» WHAT NEEDS TO BE DONE
Restate word for word, and only, the lines that extend from the line containing "Gallery image thumbnail" through the end of the records below.

» MATERIAL PROVIDED

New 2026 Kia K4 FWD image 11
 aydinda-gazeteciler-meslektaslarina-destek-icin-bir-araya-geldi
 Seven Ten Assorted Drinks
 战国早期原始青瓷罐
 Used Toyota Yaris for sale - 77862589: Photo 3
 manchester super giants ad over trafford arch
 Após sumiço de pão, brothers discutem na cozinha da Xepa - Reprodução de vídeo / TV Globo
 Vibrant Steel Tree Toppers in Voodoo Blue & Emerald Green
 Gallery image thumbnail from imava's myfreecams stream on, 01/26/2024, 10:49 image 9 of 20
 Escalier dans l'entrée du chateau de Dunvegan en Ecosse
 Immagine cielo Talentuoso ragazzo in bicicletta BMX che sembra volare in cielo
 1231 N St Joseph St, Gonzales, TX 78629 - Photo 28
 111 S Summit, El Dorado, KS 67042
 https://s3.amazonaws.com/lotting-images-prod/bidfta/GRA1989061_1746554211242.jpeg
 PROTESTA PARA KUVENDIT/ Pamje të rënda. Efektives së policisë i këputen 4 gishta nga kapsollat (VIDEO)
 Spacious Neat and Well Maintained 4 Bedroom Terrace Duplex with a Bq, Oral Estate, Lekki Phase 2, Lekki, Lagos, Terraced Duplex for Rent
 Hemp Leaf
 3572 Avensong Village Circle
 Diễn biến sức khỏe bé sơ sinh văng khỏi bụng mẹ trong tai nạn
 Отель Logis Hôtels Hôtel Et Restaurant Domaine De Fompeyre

» WRITTEN RESPONSE
 Gallery image thumbnail from imava's myfreecams stream on, 01/26/2024, 10:49 image 9 of 20
 Escalier dans l'entrée du chateau de Dunvegan en Ecosse
 Immagine cielo Talentuoso ragazzo in bicicletta BMX che sembra volare in cielo
 1231 N St Joseph St, Gonzales, TX 78629 - Photo 28
 111 S Summit, El Dorado, KS 67042
 https://s3.amazonaws.com/lotting-images-prod/bidfta/GRA1989061_1746554211242.jpeg
 PROTESTA PARA KUVENDIT/ Pamje të rënda. Efektives së policisë i këputen 4 gishta nga kapsollat (VIDEO)
 Spacious Neat and Well Maintained 4 Bedroom Terrace Duplex with a Bq, Oral Estate, Lekki Phase 2, Lekki, Lagos, Terraced Duplex for Rent
 Hemp Leaf
 3572 Avensong Village Circle
 Diễn biến sức khỏe bé sơ sinh văng khỏi bụng mẹ trong tai nạn
 Отель Logis Hôtels Hôtel Et Restaurant Domaine De Fompeyre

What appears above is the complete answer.